Company name and address

                                                                                                     

DELTA - GALIL INDUSTRIES LTD.

Telephone         972 3 519 37 37; 519 37 44

                        972 4 990 36 36

Fax                   972 3 519 37 05; 519 37 90

P.O. Box 137, KARMIEL (2161002)

P.O. Box 10265, TEL AVIV (6110102)

2 Kaufman Street

Textile House

TEL AVIV       6801294            ISRAEL

 

 

HISTORY & LEGAL FORMATION

 

Originally incorporated as a private limited company under the name of DELTA TEXTILE LTD. and registered as such as per file No. 51-086339-2 on the 09.06.1975.

On the 30.08.1983 merged with GALIL INDUSTRIES AND DEVELOPMENT (NAHARIA) LTD., originally incorporated on the 20.03.1961 under the name MULLER TEXTILE LTD. (name changed on the 28.01.1981), registered as per file No. 52-002560-2. The merged entity has been operating as a public limited company since August 1982, following an Initial Public Offering and listing its shares for trade on the public on the Tel Aviv Stock Exchange.

Name changed to the present one on 21.02.1999.

 

On the 25.03.1999 issued American Depositary Shares ("ADS") on the NASDAQ Stock Exchange.

In March 2007, subject de-listed its ADS shares from NASDAQ and listed shares for trade on the American "International Prime OTCQX" stock market.

In view of the improvement in its financial results in 2011, in early 2012 it was reported that subject aims at re-enlisting to NASDAQ.

 

In February 2003 two wholly-owned subsidiaries were merged into subject: DELTA SOCKS LTD. (established 1981) and DELTA SPORTING LTD. (established in 1982).

In December 2007, TAG-LI LTD. and DELTA TEXTILE MARKETING LTD. were also fully merged into subject.

 

 

SHARE CAPITAL

 

Authorized share capital NIS 36,000,000.00, divided into -

                36,000,000 ordinary shares of NIS 1.00 each,

of which 26,743,049 shares amounting to NIS 26,743,049.00 were issued.

 

SHAREHOLDERS

 

1.    GMM CAPITAL LLC., 48.59%, controlled by Isaac Dabah, of the USA,

2.    Noam Lautman (via controlled companies), 10%,

3.    CLAL INSURANCE HOLDINGS LTD., 5.25%; institutional investor,

4.    STERLING MAKRO Investment Fund, managed by Isaac Dabah, 5.26%,

5.    Shares are also traded on the Tel Aviv Stock Exchange (TASE) and on the American "International Prime OTCQX" stock market.

 

In August 2005, Isaac Dabah, via GMM CAPITAL, acquired SARA LEE shares (23%) in subject, for a sum of US$ 27.7 million.

 

In July 2007, Dov Lautman, controlling shareholder and founder of subject, sold the control in subject to shareholder No. 1, Isaac Dabah (via GMM CAPITAL), selling 13.3% in consideration of around US$ 24 million.

 

 

DIRECTORS

 

1.     Noam Lautman, Chairman,

2.     Isaac Dabah, General Manager,

3.     Itzhak Weinstock,

4.     Gideon Chitayat,

5.     Israel Baum,

6.     Shaul Ben-Zeev,

7.     Ms.
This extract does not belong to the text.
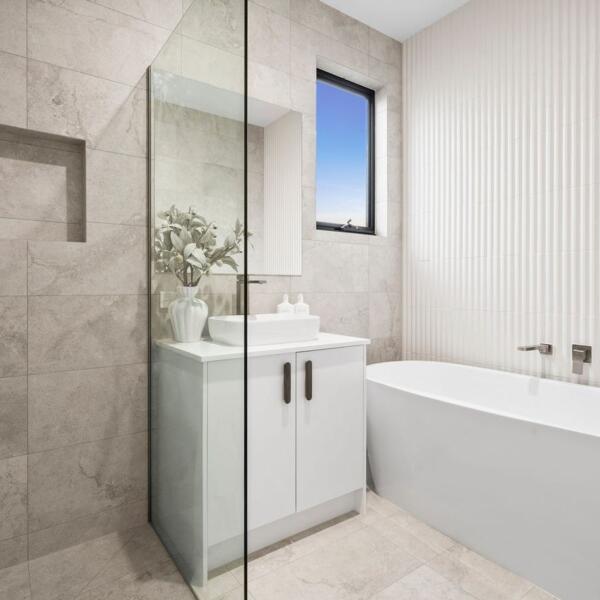 New home build in Lara main bathroom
Tzipora Carmon,

8.     Yehezkel Dovrat.

 

 

BUSINESS

 

Subject, directly and through its subsidiaries, operates as designers, manufacturers, marketers, retailers and exporters of private label women’s lingerie and intimate apparel, seamless underwear, as well as socks, leisurewear, nightwear and active-wear for men, ladies and children.
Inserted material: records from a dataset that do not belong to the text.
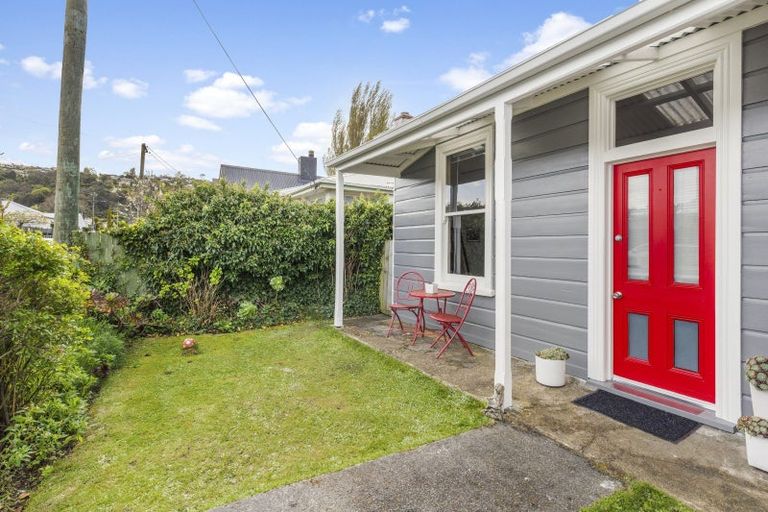 Photo of property in 44 Eastbourne Street, Caversham, Dunedin, 9012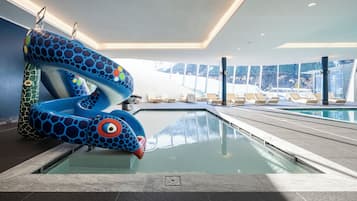 Piscina interna, piscina externa, guarda-sóis, espreguiçadeiras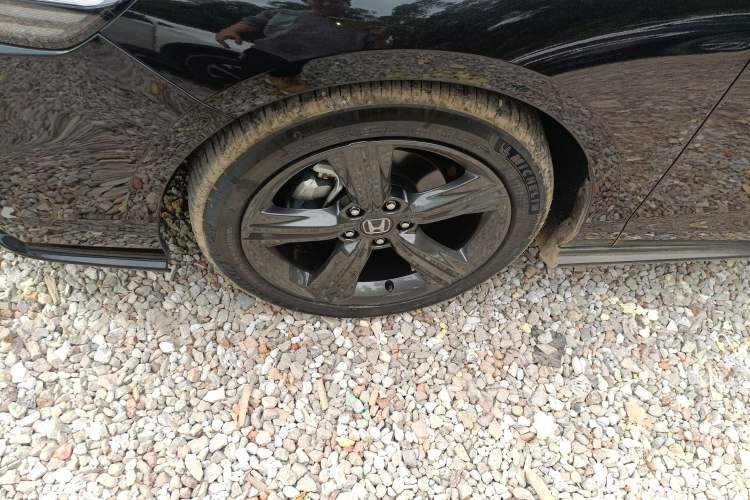 Used Honda Inspire 2025 260TURBO Elegant Edition Exterior 7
Group's sales in Israel comprise around 12% of all sales in 2014 (around 11% in 2013), 55% of 2014 sales were to North America.
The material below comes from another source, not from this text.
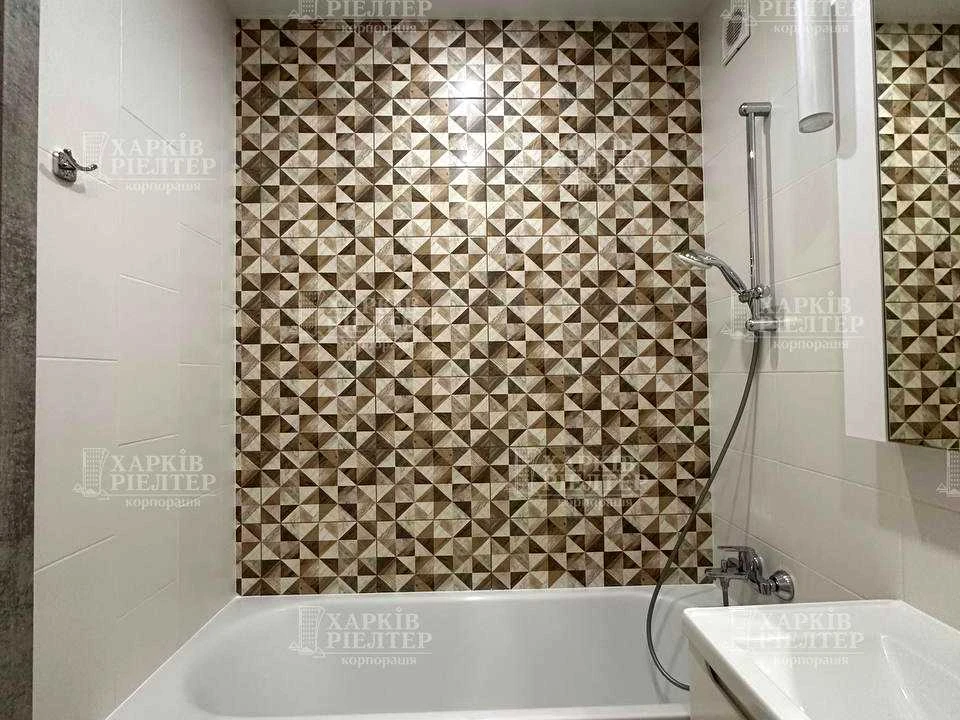Apartment. Kharkiv, Domobudivelna Street.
Designing and development are carried out in Israel and USA, manufacturing is carried out in the Middle East and the Far East, mainly via sub-contractors.

Also (through a fully owned subsidiary) operates a retail chain stores (some 160 branches, some 130 owned) of undergarment and additional products all over Israel ("Delta Plus"), including retail chain for kids ("Delta Kids"), as well as sales through local retail chains and department stores, e.g. H&O FASHION, HAMASHBIR DEPARTMENT STORES, SHUFERSAL.

 

 

In January 2014 subject acquired all activities and brands of FIX BRANDS MARKETING LTD. (aka LODZIA ROTEX Chain), an undergarments retail chain, holding rights for several brand names, re-launched as "Fix" stores.

Via subsidiary SCHIESSER operating 85 retail stores in Germany.

Marketing international brands based on concession from Puma, Keds, Nike, Fox, Disney., as well as Kenneth Cole.

Main customers: WAL-MART (U.S.A), comprising some 17% of sales in 2014.

Other customers are leading retail chains, e.g. MARKS & SPENCER, TARGET, MARVYN'S, J.C.PENNEY, VICTORIA’S SECRET, KOHL'S, HEMA (of the Netherlands), and leading brands, e.g. Hugo Boss, Nike, Calvin Klein, Under Armour, Tommy Hilfiger, Spanx, Columbia Sportswear.

Local concessionaires for intl. brands: Wilson, Converse, Maidenform, Tommy Hilfiger, Lucky, MLB, KN Karen Neuburger, P.J. Salvage, and Juicy Couture.

 

Among local suppliers: ZAMIR KNITTING, NILIT, CHEMIART, ADA LISS, SALINA INDS., SVAV OR, GROFIT PLASTICS, ARYOS MARKETING, B & E INTL., A. SHITZER, ALEXANDER MANKET, WORKER, REAL.TEX AGENCIES, HILLEL SALLY & SON.

 

Operating from headquarters, rented offices, on an area of 998 sq meters, in 2 Kaufman Street, Textile House, Tel Aviv, and from:

1.      Marketing Div. offices, in 20 Hamelacha Street, Park Afek, Rosh Ha'ayin.

2.      Owned facilities on leased area of 24,000 sq. meters (14,000 sq.m. built) and leased 7,500 sq. meters, in Caesarea, and in Industrial Zone, Karmiel.

3.      Logistics and design centers, on leased built area of 9,440 sq. meters, in Industrial Park, Caesarea.

4.      Plants in Jordan, Egypt, Thailand, Czech Rep. and Bulgaria; also having manufacturing subcontractors in Egypt, Bulgaria, Turkey, Central America and the Far East.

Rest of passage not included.